Ok, scratch the unicycle part, although it makes for a fun mental image. No wait, I want to continue with the metaphor. Eventually, though, I decided to stop pedaling and descend gracelessly from the unicycle. Now I am back on my own two feet, I have a plan and I begin to feel semi-competent again.

To celebrate, here's a quick recipe, sans photos, for a dish I've been making a lot recently. I bought ingredients for a pasta salad since there was a picnic on the horizon. The picnic went swimmingly, even though it became an indoor thing thanks to rain, but I still have orphaned artichoke hearts.
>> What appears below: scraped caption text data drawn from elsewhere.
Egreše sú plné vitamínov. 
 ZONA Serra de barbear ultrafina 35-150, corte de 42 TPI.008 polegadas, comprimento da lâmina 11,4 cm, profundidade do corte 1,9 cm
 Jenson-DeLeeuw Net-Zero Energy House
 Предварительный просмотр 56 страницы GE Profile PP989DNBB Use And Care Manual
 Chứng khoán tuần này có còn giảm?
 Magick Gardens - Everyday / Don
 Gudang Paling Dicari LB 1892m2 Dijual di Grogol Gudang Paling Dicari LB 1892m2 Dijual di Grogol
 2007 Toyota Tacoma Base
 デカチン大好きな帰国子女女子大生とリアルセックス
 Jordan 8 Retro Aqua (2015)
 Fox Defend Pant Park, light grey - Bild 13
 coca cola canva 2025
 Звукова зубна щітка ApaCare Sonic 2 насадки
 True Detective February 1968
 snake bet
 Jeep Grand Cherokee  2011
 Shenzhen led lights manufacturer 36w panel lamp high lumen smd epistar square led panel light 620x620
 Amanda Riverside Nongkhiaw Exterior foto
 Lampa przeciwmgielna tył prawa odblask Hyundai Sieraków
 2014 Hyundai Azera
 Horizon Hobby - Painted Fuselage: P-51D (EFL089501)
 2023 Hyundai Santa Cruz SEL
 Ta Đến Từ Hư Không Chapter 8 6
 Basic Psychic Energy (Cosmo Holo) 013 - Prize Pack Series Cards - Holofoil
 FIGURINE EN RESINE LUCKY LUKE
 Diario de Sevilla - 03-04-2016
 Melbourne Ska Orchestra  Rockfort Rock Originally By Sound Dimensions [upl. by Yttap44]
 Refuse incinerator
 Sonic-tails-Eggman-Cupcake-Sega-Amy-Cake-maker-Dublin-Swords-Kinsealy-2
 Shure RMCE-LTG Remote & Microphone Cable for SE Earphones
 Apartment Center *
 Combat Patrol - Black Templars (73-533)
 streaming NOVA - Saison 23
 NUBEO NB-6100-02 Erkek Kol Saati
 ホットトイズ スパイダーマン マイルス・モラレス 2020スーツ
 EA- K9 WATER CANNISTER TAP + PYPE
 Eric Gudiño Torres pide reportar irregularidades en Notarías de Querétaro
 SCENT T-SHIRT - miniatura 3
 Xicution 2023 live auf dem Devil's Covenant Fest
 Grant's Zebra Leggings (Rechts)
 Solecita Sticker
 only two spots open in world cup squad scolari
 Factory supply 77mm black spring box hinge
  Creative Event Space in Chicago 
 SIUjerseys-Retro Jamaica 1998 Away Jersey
Hence this pasta dish. Make it when you're lazy, poor and have nuttin' but jars in the fridge and a basil plant on the windowsill.

The Fridge Is Bare And Your Life Is Overwhelming Pasta, or Carbs, Yay.
-enough spaghetti for one person
-a handful of oil-packed, sun-dried tomatoes, chopped
-two artichoke hearts, drained, sliced and separated
-one shot of olive oil
-a handful of finely-grated parmesan cheese
-two generous pinches of fresh basil, chopped
-salt and pepper to taste

1. Make spaghetti. Refer to the box instructions if you must. Drain.
2. Toss with sun-dried tomatoes, artichoke heart slices, and olive oil. Throw in basil, parmesan, and salt and pepper, then toss until the cheese begins to melt.
3. That's it, you're done. Serve with depanneur beer and a side of quarter-life crisis, but finish off with hope.